- The Washington Times - Monday, June 19, 2006

MEXICO CITY

The main candidates in Mexico’s presi- dential election in two weeks are trying to look tough on the drug war, a central issue in the race, though they disagree whether U.S.-style solutions are needed.

The candidate who speaks most closely to Washington’s concerns is conservative Felipe Calderon. He advocates extraditing more drug lords to the United States and replacing Mexico’s secretive court system with open, U.S.-style trials.

Roberto Madrazo of the former ruling party claims the toughest law-and-order platform. One of his campaign ads depicts a criminal wetting his pants out of fear of Mr. Madrazo’s proposals for stiffer sentencing. “Criminals can’t play around with me,” the candidate tells voters.

Andres Manuel Lopez Obrador, a liberal running neck and neck with Mr. Calderon in the polls, has broken with the left’s anti-military tradition by suggesting a bigger role for the army in fighting the drug trade. But he says poverty reduction is the only real way to fight crime, and remains largely silent about U.S.-style trials and extradition.

Taking on the cartels, even in campaign rhetoric, is a risky business in Mexico. With shootouts, executions and beheadings becoming more common in border cities such as Nuevo Laredo and resort areas such as Acapulco, candidates have to watch their backs.

Ana Maria Salazar, a former Pentagon counternarcotics official, noted that the candidates have refrained from singling out any cartels by name.

“There’s a certain amount of reluctance to talk about drug-trafficking organizations,” she said. In part, she said, that is because by talking about them “you increase the threat level against the candidate enormously.”

U.S. border communities have been caught up in the war with Mexican cartels, as well as the booming industries of migrant-smuggling and kidnapping for ransom. All this has led the Bush administration to accuse Mexico’s government of not fighting back hard enough.

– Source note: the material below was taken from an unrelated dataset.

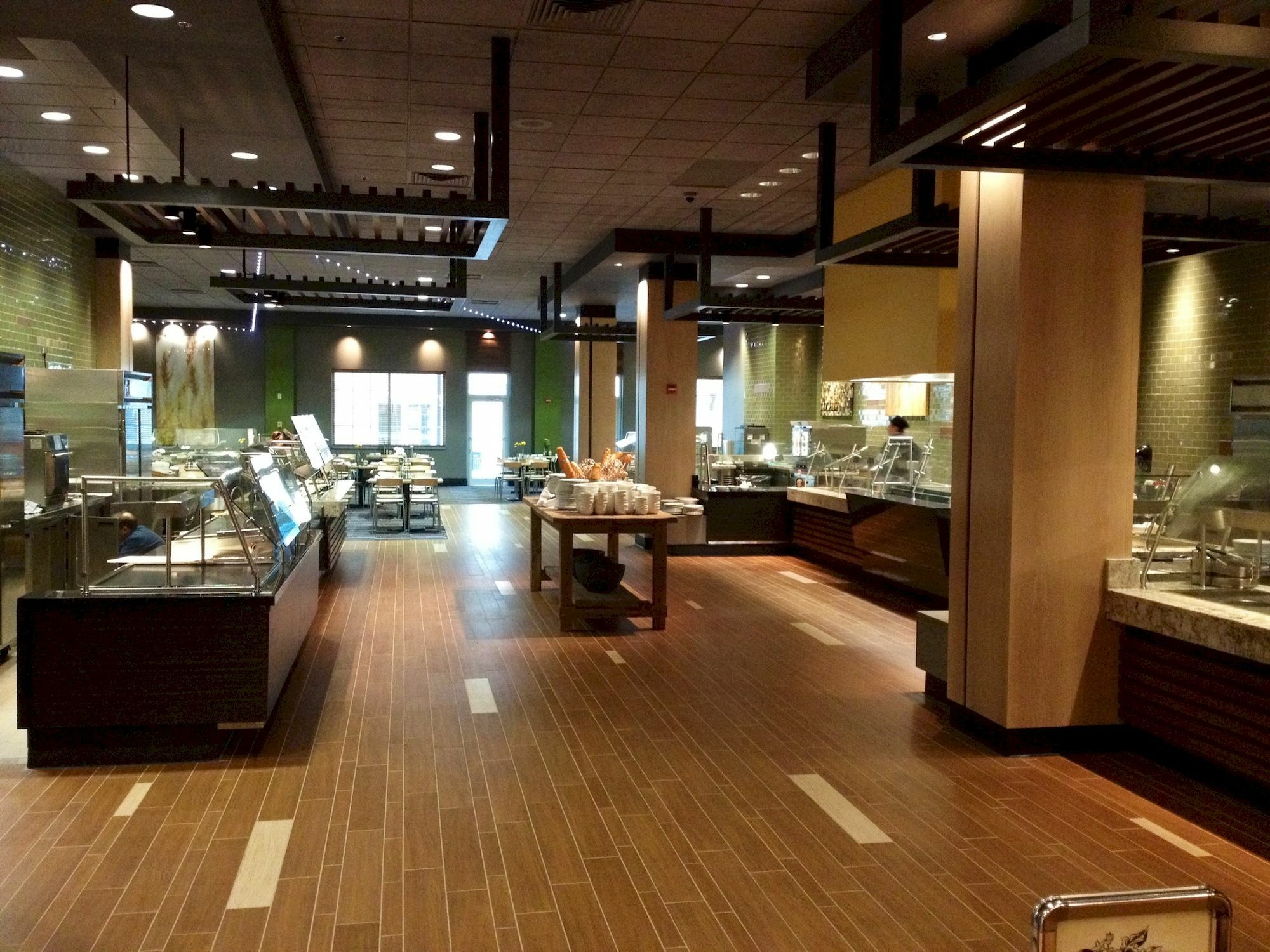 Isle Of Capri Casino Hotel Boonville Εξωτερικό φωτογραφία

Mr. Calderon, of the ruling National Action Party, seems to speak to those concerns. He also advocates a more unified police command and increased investigation and intelligence work, like police in the United States.

“We can free cities like Tijuana, Nuevo Laredo or Acapulco from this cancer before it eats away our society,” he said during a televised debate on June 6.

Mr. Calderon urged life sentences for kidnappers. Mexico currently does not impose life sentences for any crime.

Mr. Madrazo of the former ruling Institutional Revolutionary Party, running third in polls, echoes Mr. Calderon’s call for changing the trial system so attorneys can argue cases in open court.

Under the current system, attorneys submit documents to a judge who reads them and reaches a verdict behind closed doors. The secrecy is prone to corruption and bungling, and doesn’t inspire public confidence.

Mr. Lopez Obrador, candidate of the Democratic Revolution Party, argues for creating jobs, reducing poverty and sending more Mexicans to college to reduce the lure of crime.

“I don’t think you can make much progress with prisons or threats of heavy-handed approaches and tougher laws,” he said. He adds that the drug cartels are so well-armed that the army is the only force that can handle traffickers.

In April, suspected drug hit men in Acapulco decapitated two police officers who had participated in a shootout with traffickers, and left the severed heads at the scene with a note saying: “So that you learn some respect.”

The most recent police figures for federal crimes show that drug trafficking and weapons possession rose 12 percent between 2001 and 2004. Police are widely perceived to be ineffective and corrupt.

When Mexico City businessman Hugo Alberto Wallace was kidnapped last July, it was his mother, Maria Isabel Miranda, who led the investigation into his disappearance, frustrated with the slow pace of the official search. She even led police to suspects.

Analysts say the main problem is disorganization and lack of investigative powers among Mexico’s municipal, state and federal police agencies, most of which are ill-trained and uncoordinated.

Genaro Garcia, head of the Mexican equivalent of the FBI, highlighted the problem last month in a book sarcastically titled “Why 1,661 Police Forces Are Not Enough.”

Mr. Madrazo and Mr. Calderon have floated proposals to unify police forces and create intelligence centers. Outgoing President Vicente Fox made a similar promise while campaigning for office six years ago, but made little progress.